Apologies as always for any and all reinvented wheels.
Please forgive my ignorance. I taught myself everything I know about Markov chains from Wikipedia, in order to follow some of the good discussions that are happening these days about the statistical properties of the VMs text. My understanding of a Markov model of a dynamic system is one where the probability of any given state depends only on the state immediately prior. By "second-order transitional probability", I understand this to mean the probability of a state transition happening, given the prior two states, in the order they occurred. Do I understand this correctly?

Your idea of an "unmodulated carrier signal" has stuck with me, and I've been trying to think of a good way to model a periodically repeating system where many different paths are possible for each repetition, and each repetition's deviation from the default path can be brought into focus. Some kind of flowchart, where a line's deviation from qokeedy.qokeedy.qokeedy or daiin.chol.daiin.chol.daiin.chol can be meaningfully visualized. One of these days I'm going to start doodling on a whiteboard and come up with something. That said, this is a much easier project when the only state that matters in calculating the probability is the one immediately prior.

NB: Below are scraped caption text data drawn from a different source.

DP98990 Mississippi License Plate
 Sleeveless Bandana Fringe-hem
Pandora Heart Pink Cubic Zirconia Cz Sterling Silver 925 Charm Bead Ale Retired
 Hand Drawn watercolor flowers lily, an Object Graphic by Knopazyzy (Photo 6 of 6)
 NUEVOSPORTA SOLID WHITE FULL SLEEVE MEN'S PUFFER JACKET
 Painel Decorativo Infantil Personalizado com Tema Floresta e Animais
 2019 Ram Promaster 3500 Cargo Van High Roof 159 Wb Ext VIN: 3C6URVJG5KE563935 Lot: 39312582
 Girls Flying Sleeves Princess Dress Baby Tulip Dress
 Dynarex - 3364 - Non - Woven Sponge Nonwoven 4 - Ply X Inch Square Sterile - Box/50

But as your experiment above shows, taking the last two states into account produces a result that looks and feels much more like actual Voynichese.

Let's say we took the last X states into account when calculating the probability of the next state. I wonder how high a value X could have, before there were no appreciable gains in the similarity to actual Voynichese, to justify the rapid increase in calculation complexity.

A related question I'm wondering about: how many states properly comprise a complete repetition? I don't consider a space a state, as your work has clearly demonstrated that spaces supervene upon state transitions. If [ch] and [sh] are considered a single state each, then it looks like the [qokeedy] loop involves 7 state transitions per repetition, and the [daiin.chol] loop involves 8. I'm curious as to whether lines of Voynichese tend to break down neatly into multiples of 7 or 8 state transitions. I'l going to take a look at some Currier B pages as soon as I get the chance with this filter on my mind, and report back here what I find.
(15-12-2021, 12:33 AM)RenegadeHealer Wrote: You are not allowed to view links. Register or Login to view.Please forgive my ignorance. I taught myself everything I know about Markov chains from Wikipedia, in order to follow some of the good discussions that are happening these days about the statistical properties of the VMs text. My understanding of a Markov model of a dynamic system is one where the probability of any given state depends only on the state immediately prior. By "second-order transitional probability", I understand this to mean the probability of a state transition happening, given the prior two states, in the order they occurred. Do I understand this correctly?

That's what I meant by "second order" -- for example, the probability that [l] will occur after [do] rather than just [o].  But I'm admittedly a neophyte myself when it comes to Markov processes and the terminology behind them.

(15-12-2021, 12:33 AM)RenegadeHealer Wrote: You are not allowed to view links. Register or Login to view.A related question I'm wondering about: how many states properly comprise a complete repetition? 

My sense is that there may be no fixed cycle length, much as there's no fixed vord length in "word grammars."  Otherwise I'd be tempted to speculate about something like a Vigenère key with one row assigned to nulls.  It seems as though a loop cycle can be longer or shorter depending on how many steps it takes to get back to an equivalent point again.  Some seemingly interchangeable paths appear shorter than others, e.g., [qok] versus [ch].  Of course I don't know why or what it means, if there's anything to it in the first place.
The most frequent transitions from particular glyphs to other individual glyphs are very different in Currier A and Currier B.  I'm not sure whether this way of looking at differences between the two "languages" has any advantages over (say) the study of bigram frequencies.  But it's at least a different way.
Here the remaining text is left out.